Viele Fachleute warnen davor, dass das leichtfertige Pflanzen von Bäumen zu einer "genetischen Verschmutzung" der Waldbestände führt und dann das Gleichgewicht des Ökosystems kippen könnte.
Der stellvertretende Vorsitzende der TEMA Hikmet Öztürk hingegen sagte der DW, dass es in den verbrannten Waldgebieten kein Weg an "Restaurierungsarbeiten" vorbeiführe. Die Gefahr, ortsfremde Pflanzen einzuführen, sehe er nicht, da man die verbrannten Gebiete genau untersuchen und die Identitäten der Bäume genau ermittelt werde: "Wir planen eine exakte Wiederherstellung der Pflanzenwelt." Man habe nicht vor, Nutzpflanzen oder feuerresistente Arten nach dem Brand anzupflanzen, sagt Öztürk: "So ein Vorgang wäre die reinste Landzerstörung."
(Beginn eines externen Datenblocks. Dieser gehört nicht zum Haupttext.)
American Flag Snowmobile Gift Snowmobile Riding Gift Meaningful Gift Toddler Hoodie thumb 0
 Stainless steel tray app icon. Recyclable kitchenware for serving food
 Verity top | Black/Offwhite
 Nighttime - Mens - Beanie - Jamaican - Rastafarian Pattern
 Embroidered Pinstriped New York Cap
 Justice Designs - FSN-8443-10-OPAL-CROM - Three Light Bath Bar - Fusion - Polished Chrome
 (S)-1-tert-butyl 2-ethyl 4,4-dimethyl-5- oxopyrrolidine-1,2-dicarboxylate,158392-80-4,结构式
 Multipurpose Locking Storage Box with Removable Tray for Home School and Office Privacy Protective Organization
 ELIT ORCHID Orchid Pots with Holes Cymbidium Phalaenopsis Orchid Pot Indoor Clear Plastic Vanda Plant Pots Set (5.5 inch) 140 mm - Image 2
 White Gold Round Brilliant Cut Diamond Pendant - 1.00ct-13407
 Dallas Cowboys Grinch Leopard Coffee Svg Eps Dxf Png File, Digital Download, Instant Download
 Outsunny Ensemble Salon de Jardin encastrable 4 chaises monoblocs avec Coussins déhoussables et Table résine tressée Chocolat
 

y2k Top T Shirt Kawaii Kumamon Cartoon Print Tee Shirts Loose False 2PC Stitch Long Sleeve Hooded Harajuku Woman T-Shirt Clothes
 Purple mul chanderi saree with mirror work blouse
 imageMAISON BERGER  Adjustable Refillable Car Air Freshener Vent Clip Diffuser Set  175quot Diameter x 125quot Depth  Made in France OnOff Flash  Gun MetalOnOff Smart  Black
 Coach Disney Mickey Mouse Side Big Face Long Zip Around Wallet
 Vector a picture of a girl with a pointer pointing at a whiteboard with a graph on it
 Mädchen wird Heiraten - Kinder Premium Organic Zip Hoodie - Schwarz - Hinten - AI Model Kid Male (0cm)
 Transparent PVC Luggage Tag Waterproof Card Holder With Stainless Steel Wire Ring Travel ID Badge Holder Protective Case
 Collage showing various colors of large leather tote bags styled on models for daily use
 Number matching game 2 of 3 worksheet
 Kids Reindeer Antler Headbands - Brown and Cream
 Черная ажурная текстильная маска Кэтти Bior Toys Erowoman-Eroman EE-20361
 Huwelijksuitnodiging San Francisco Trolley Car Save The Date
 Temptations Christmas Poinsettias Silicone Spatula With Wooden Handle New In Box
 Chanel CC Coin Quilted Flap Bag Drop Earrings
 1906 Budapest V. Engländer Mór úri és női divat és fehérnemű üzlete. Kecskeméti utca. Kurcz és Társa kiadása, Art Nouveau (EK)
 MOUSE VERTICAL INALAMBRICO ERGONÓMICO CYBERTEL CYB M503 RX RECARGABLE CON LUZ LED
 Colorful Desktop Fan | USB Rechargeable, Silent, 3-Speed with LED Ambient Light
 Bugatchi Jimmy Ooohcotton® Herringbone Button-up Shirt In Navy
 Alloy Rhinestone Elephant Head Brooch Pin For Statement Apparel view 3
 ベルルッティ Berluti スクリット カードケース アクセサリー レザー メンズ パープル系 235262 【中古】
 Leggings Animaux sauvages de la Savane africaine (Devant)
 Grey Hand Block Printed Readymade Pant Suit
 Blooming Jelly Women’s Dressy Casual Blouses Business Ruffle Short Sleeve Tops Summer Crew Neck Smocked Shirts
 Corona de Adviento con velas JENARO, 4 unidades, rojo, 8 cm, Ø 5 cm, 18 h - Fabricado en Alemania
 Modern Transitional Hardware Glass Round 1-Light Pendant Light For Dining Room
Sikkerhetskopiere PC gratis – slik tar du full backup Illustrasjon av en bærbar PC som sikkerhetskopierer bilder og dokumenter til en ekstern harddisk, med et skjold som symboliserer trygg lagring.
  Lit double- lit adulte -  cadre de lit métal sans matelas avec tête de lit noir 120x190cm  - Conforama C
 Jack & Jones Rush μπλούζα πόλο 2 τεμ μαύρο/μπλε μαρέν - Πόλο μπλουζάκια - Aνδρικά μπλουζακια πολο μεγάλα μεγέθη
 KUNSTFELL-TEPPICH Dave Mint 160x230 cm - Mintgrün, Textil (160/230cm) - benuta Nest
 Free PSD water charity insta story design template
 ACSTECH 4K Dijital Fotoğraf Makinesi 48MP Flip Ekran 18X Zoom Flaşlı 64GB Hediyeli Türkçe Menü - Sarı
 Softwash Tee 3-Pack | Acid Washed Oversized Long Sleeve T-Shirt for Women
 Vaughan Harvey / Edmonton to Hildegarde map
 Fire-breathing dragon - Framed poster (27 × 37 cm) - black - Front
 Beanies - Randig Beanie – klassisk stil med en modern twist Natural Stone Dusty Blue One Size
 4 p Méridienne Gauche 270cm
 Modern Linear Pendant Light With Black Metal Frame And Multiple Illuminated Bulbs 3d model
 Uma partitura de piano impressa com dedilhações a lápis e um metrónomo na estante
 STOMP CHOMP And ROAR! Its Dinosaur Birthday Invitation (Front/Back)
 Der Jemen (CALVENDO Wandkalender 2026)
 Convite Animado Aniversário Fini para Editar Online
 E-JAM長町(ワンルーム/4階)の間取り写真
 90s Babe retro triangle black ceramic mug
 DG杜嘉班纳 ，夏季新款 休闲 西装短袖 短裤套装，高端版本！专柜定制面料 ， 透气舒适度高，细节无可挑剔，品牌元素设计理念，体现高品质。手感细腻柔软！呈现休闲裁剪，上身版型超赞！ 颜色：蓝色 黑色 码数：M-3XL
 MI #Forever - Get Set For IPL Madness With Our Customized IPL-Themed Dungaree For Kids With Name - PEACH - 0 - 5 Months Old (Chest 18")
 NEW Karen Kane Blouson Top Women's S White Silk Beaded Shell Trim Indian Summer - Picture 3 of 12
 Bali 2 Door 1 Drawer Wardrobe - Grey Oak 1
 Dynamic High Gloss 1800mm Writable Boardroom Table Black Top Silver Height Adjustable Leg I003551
Fachleute: Aufforstung rettet Ökosystem nicht
Problematisch sei laut Öztürk jedoch, dass viel Zeit dadurch verloren gegangen sei, dass erst noch Samen für die Aufforstung gesammelt werden müssten. "Wir haben die Saison verpasst, in der Samen gesammelt werden - nämlich im Frühling. Daher wird es nicht möglich sein, den idealen Zeitpunkt zum Pflanzen einzuhalten", so der TEMA-Vorstand. Der sei nämlich zum Winterende.
Viele Umwelt-Experten in der Türkei kritisieren jedoch, dass die Aufforstung der Bäume keine endgültige Lösung darstelle. Ökologe Tolunay etwa hebt hervor, dass sich nicht nur die Baumbestände, sondern das gesamte Ökosystem erholen müsse. "Es wird noch sehr lange dauern, bis die Tierarten zurückkehren. Die Bäume werden erst nach 20 bis 25 Jahren eine Höhe von etwa zehn Metern erreicht haben. Bis sich Säugetier- und Vogelarten wieder ansiedeln, werden mindestens 50 Jahre vergehen."